Berlin. Außenministerin Annalena Baerbock (Grüne) will den Druck auf die iranische Regierung weiter erhöhen. "Tag für Tag verschlechtert sich die Menschenrechtslage in Iran", sagte sie am Mittwoch.
Die Sicherheitskräfte gingen immer "brutaler" gegen Bürger auf der Straße vor, die nichts anderes einforderten als ihre universellen Menschenrechte. "Schon über 13.000 Menschen sollen verhaftet und über 250 erschossen oder zu Tode geprügelt worden sein", so Baerbock. "Die systematische Unterdrückung von Frauen und ethnischen, religiösen und sexuellen Minderheiten in Iran ist nicht neu, aber sie erreicht im Moment eine beispiellose neue Härte." Auch für deutsche Staatsangehörige werde die Lage in Iran "immer gefährlicher".

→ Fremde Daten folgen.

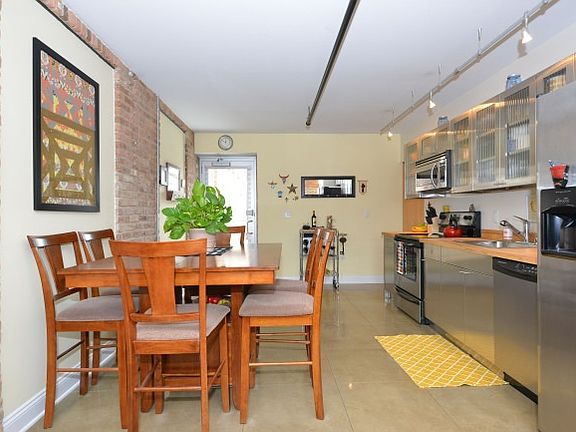 3rd image of 3059 N Weil St Unit 111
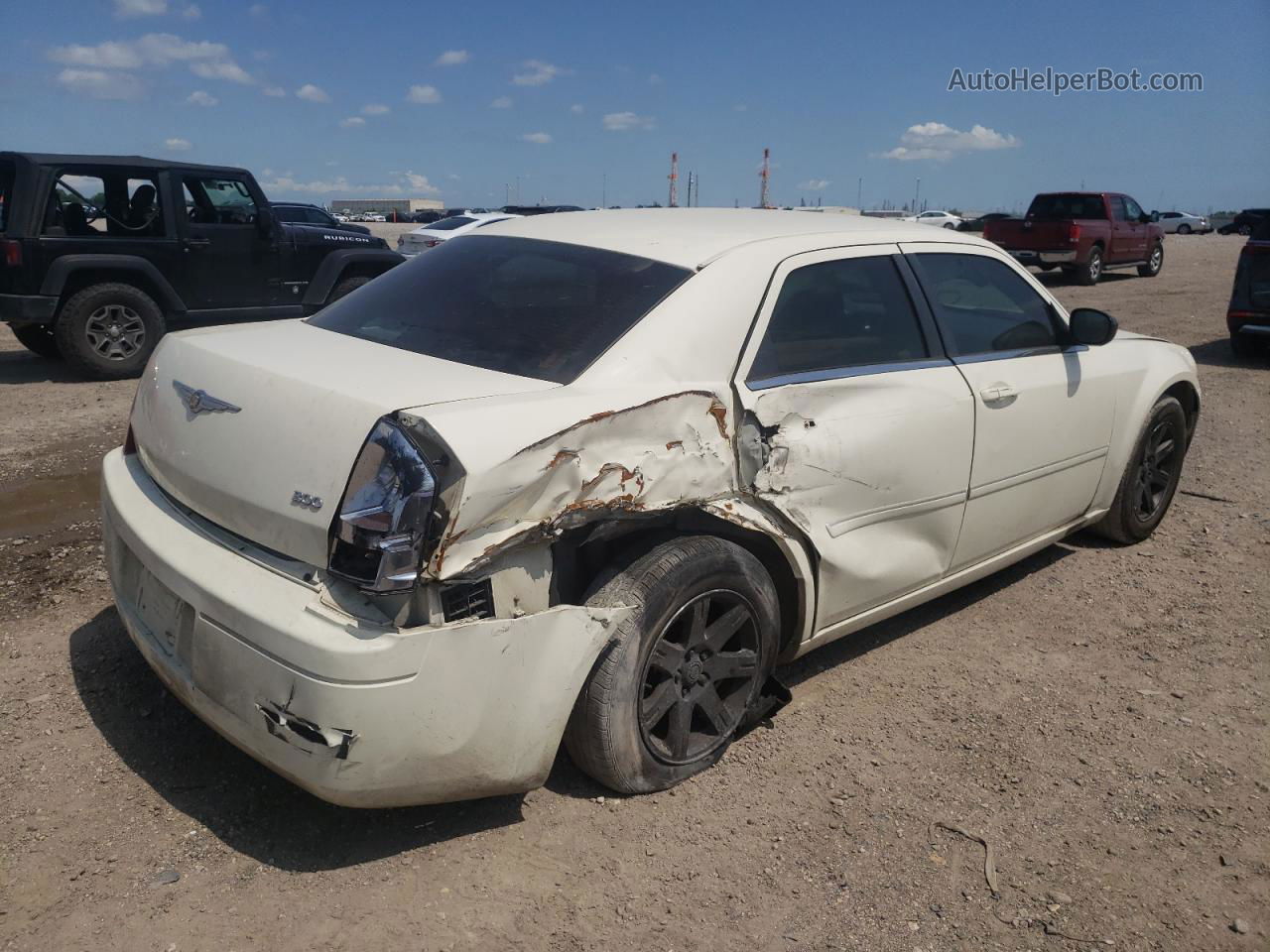 2007 Chrysler 300  White vin: 2C3LA43R27H768293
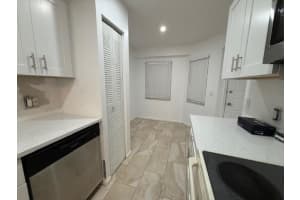 1200 SW 124th Ter 405, Pembroke Pines, FL 33027 - MLS#F10530439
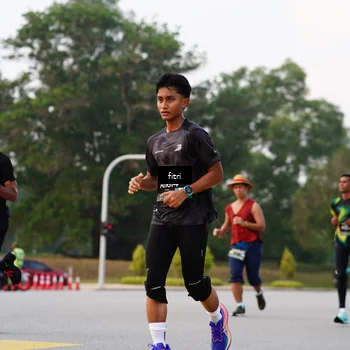 Runner Photo 6182716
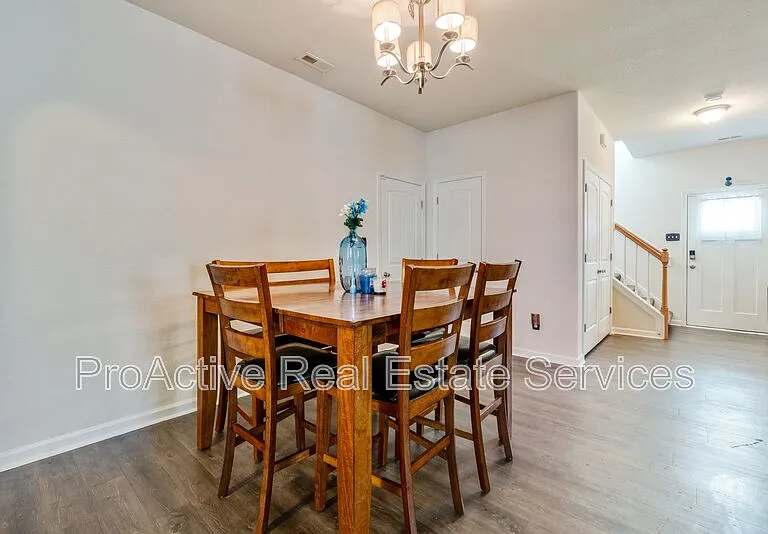 2104 Miller Ave — Photo 13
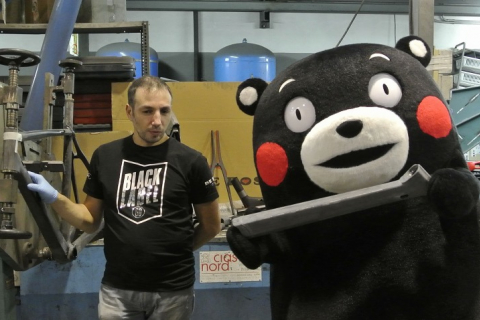 くまモン デローザ工房へ行く 世にも痛快なイタリア探訪記 熊本県とデローザのコラボ企画が実現 Cyclowired くまモン デローザ工房へ行く 世にも痛快なイタリア探訪記 熊本県とデローザのコラボ企画が実現 Cyclowired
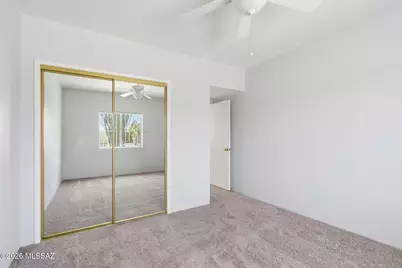 1376 S Desert Meadows Circle, Green Valley, AZ 85614 - Photo 21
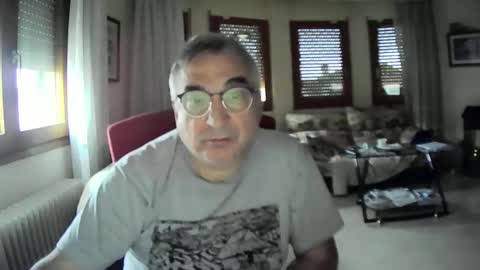 Snapshot of antonio2605 chatting on January 26, 11:28 am Antonio online show from January 26, 11:28 am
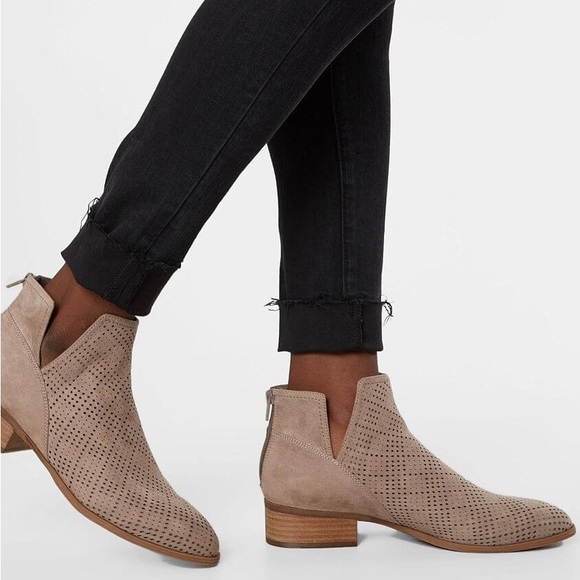 BKE Shoes - BKE Women’s Lolita Ankle Boot sz: 6
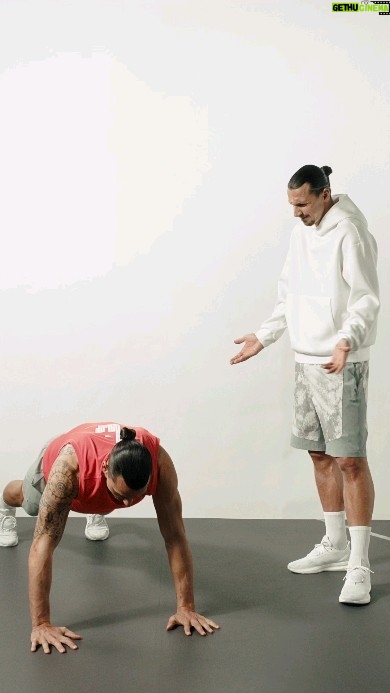 Zlatan Ibrahimović Instagram - No better coach than yourself💯 #HoweverYouMove @hm_move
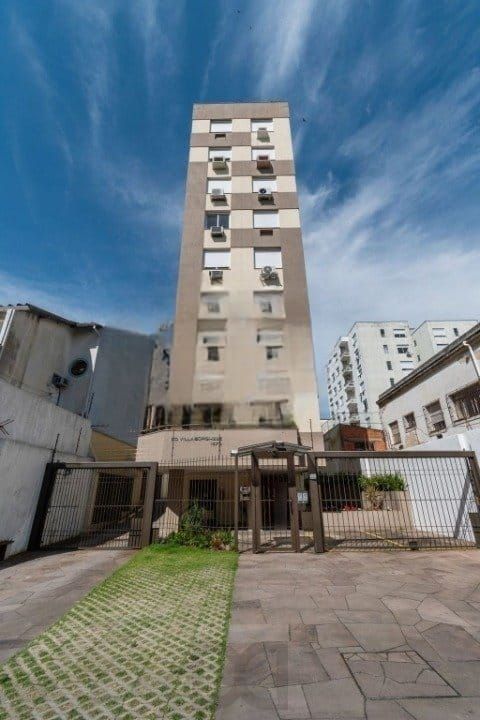 Apartamento de 3 quartos e 1 vaga de garagem no bairro Santana em Porto Alegre — foto 1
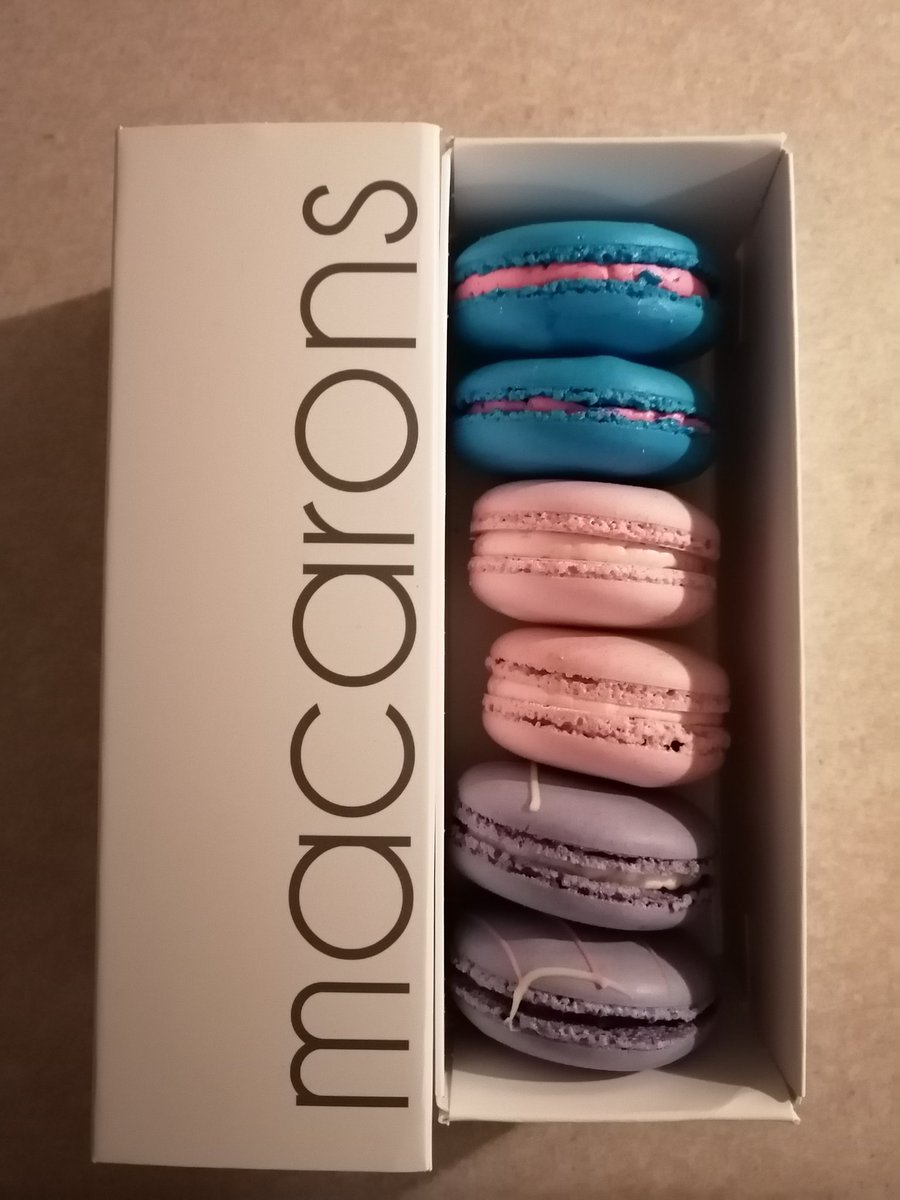 Wonderful field trip to Le Papillon on Front today and a visit to the market where I found these beautiful macarons 🦋🇫🇷🥖 What a great day spent with amazing students <a href="/HaydenHuskies/">Hayden Huskies</a> #HaydenFrench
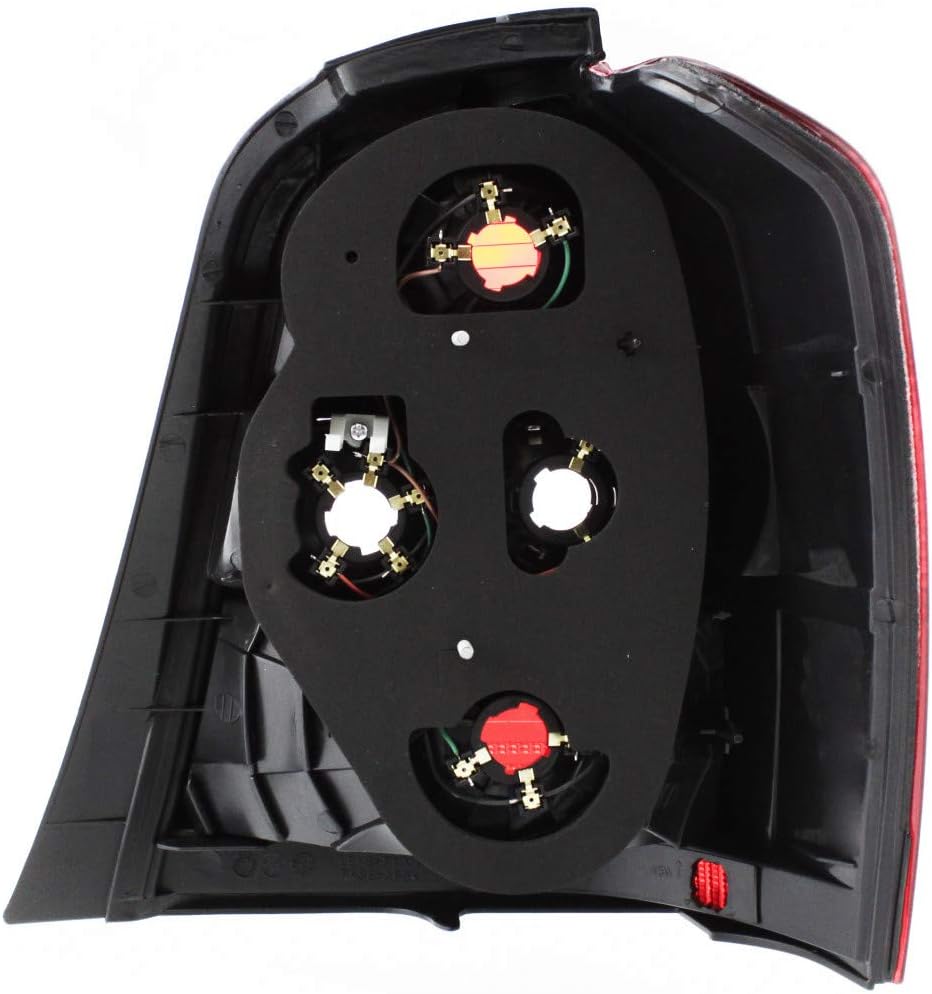 Passenger Side Tail Light Assembly for 2004-2007 Toyota Highlander O39942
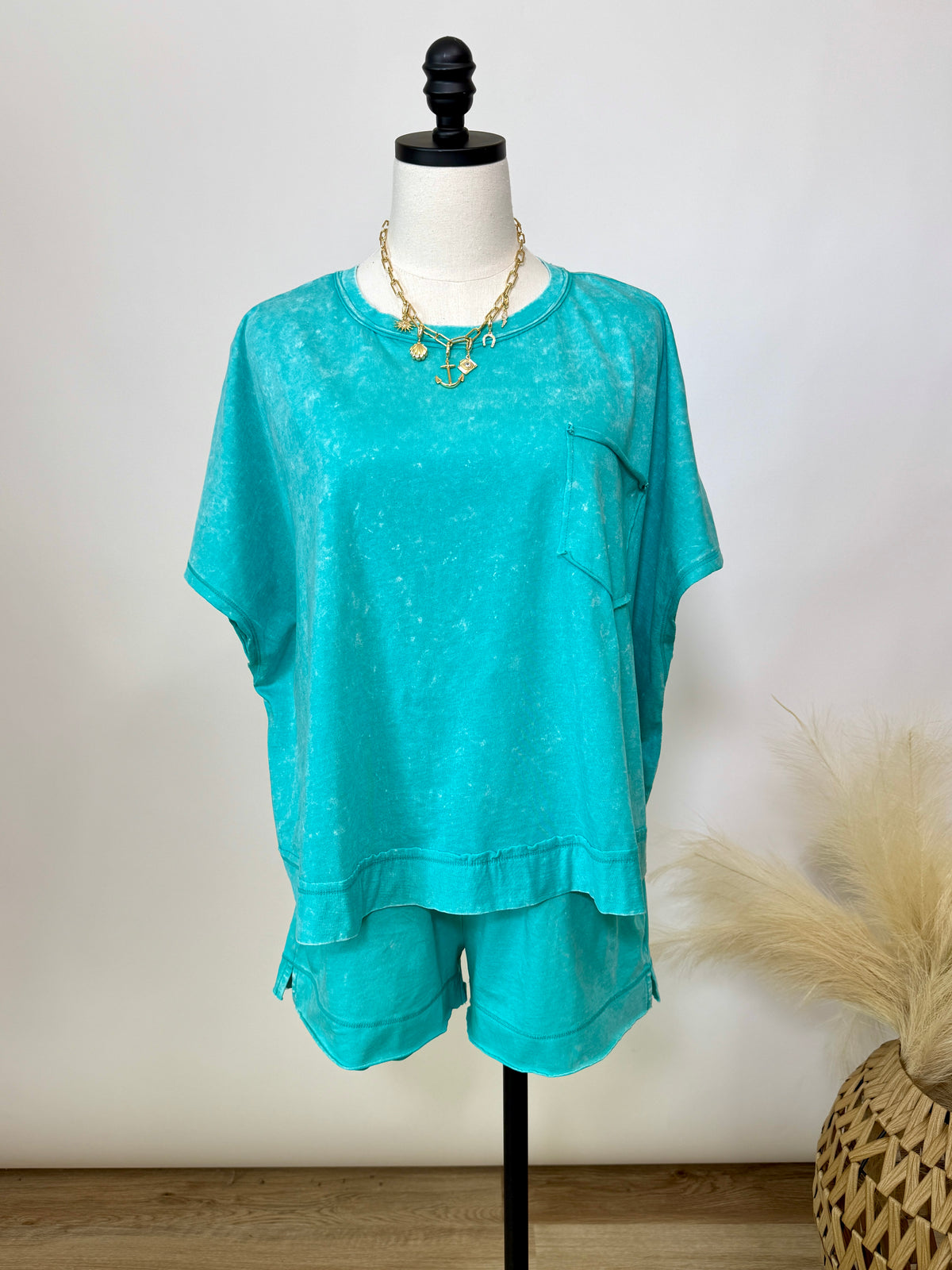 Turquoise top and shorts set Zenana 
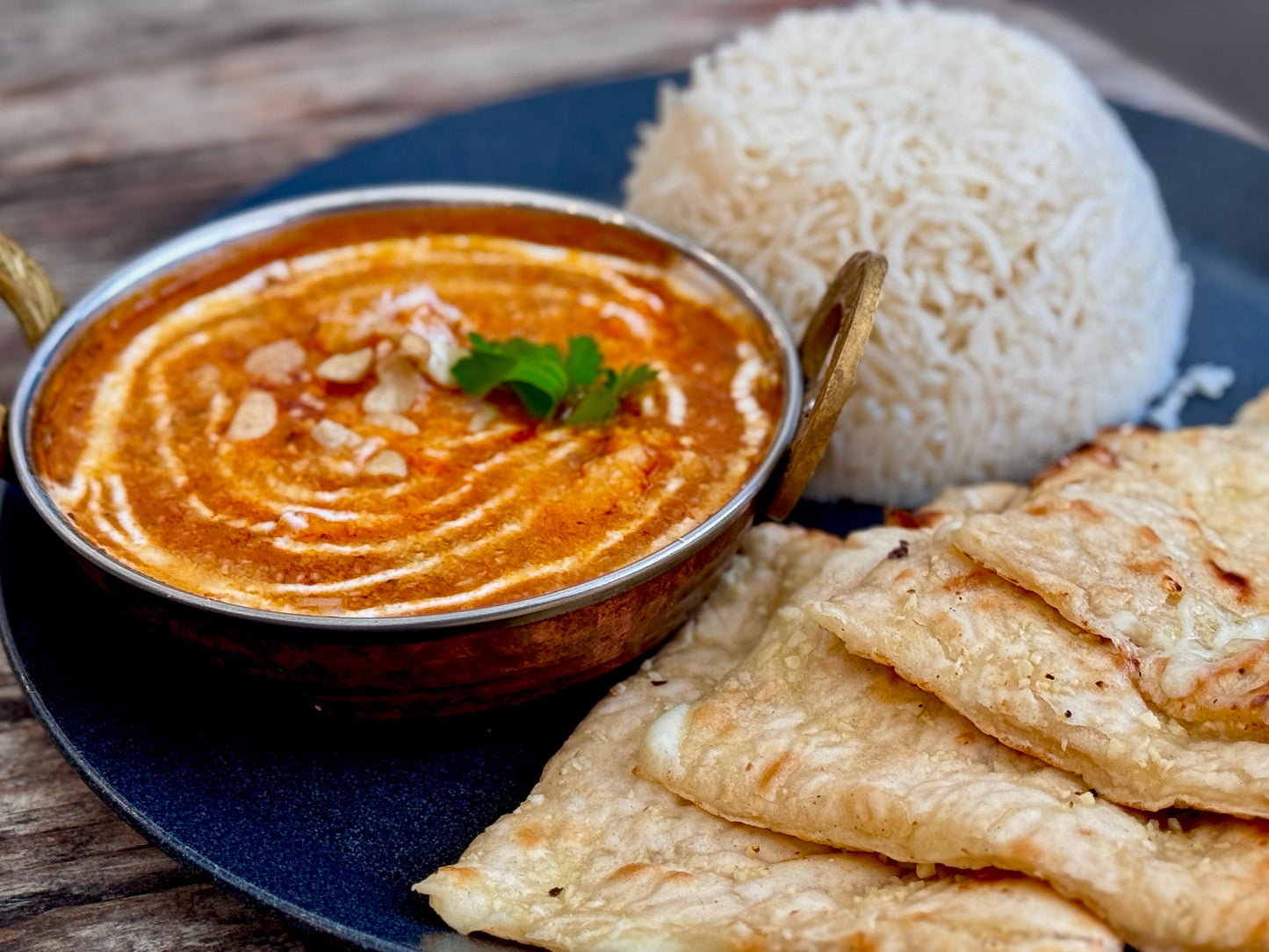 Indisk favorit i Esbjerg – få en hovedret plus naan-brød til KUN 80 kr.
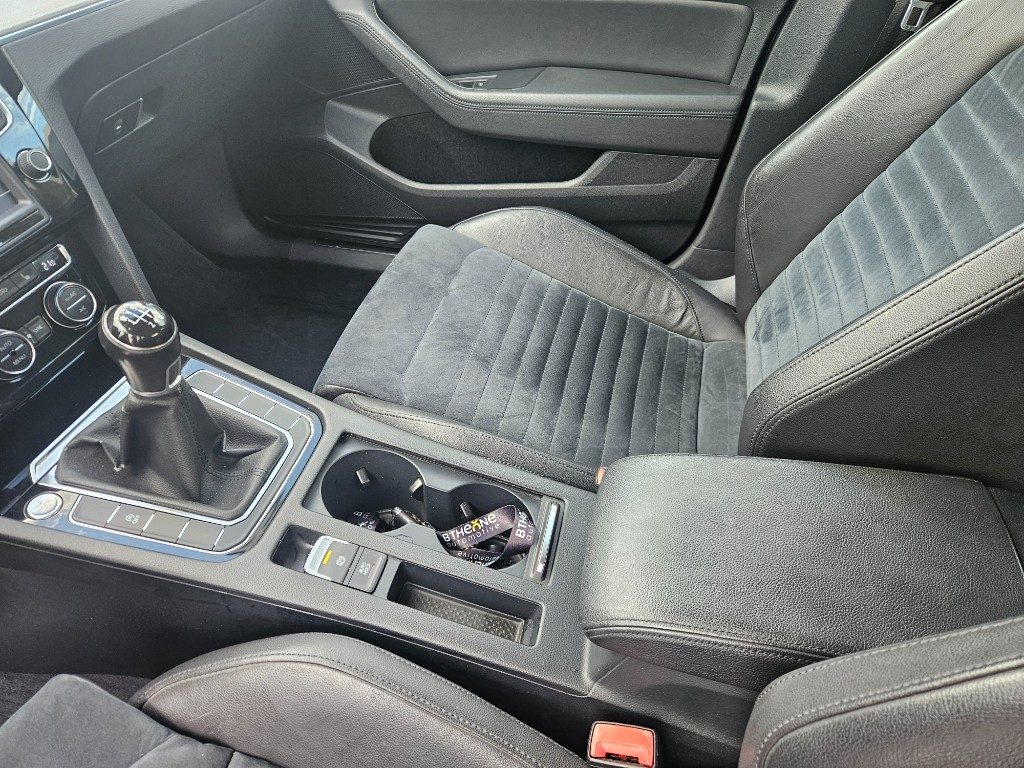 VOLKSWAGEN Passat Berlina TDI HIGHLINE BlueMotion Technology DSG - 9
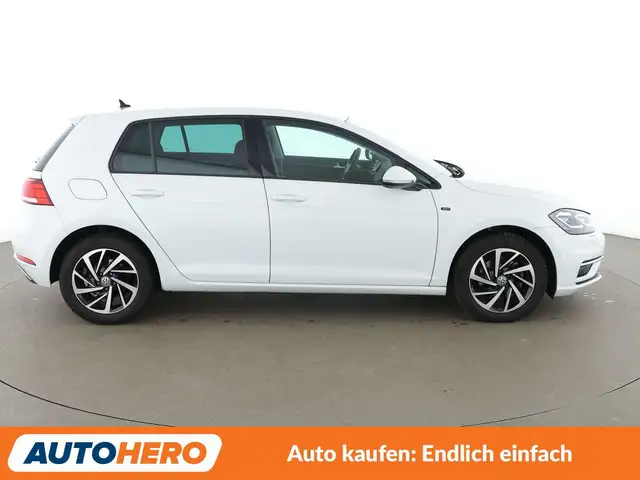 Volkswagen Golf view 7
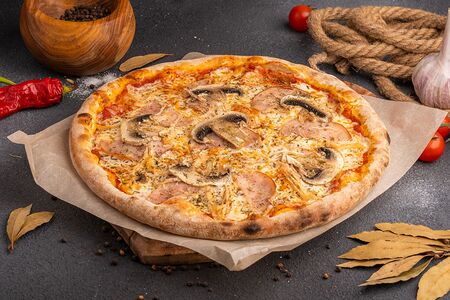 Пицца Ветчина куриная с грибами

Mit einem Staat, der derart "menschenverachtend" mit seinen eigenen Bürgern umgehe, könne es kein "Weiter so" in den bilateralen Beziehungen geben, fügte die Ministerin hinzu. Das geplante EU-Menschenrechtssanktionspaket sei nur ein erster Schritt. "Mit weiteren Maßnahmen in insgesamt vier Bereichen passen wir jetzt unsere bilateralen Beziehungen der aktuellen Situation an", kündigte die Grünen-Politikerin an. Auch über die Sanktionen hinaus wolle man national handeln.
So würden zum Beispiel künftig nationale Visa an Inhaber von Dienst- und Diplomatenpässe nur noch im "nötigsten Umfang" ausgestellt. "Auch gegen Angehörige von EU-gelisteten iranischen Organisationen sollen zusätzliche nationale Einreisebeschränkungen verhängt werden." Die "brutale Gewalt und Unterdrückung" dürfe für die Verantwortlichen nicht ohne "Konsequenzen" bleiben, so Baerbock weiter. Da es zuletzt in wichtigen Fragen in den zuständigen internationalen Gremien wie des UN-Menschenrechtsrats immer wieder Blockaden gegeben habe, verfolge man jetzt einen zweigleisigen Ansatz: "Wir setzen uns für einen Sonder-Menschenrechtsrat in Genf ein, arbeiten an einer starken Resolution in der Generalversammlung und unterstützen den UN-Sonderberichterstatter für den Iran."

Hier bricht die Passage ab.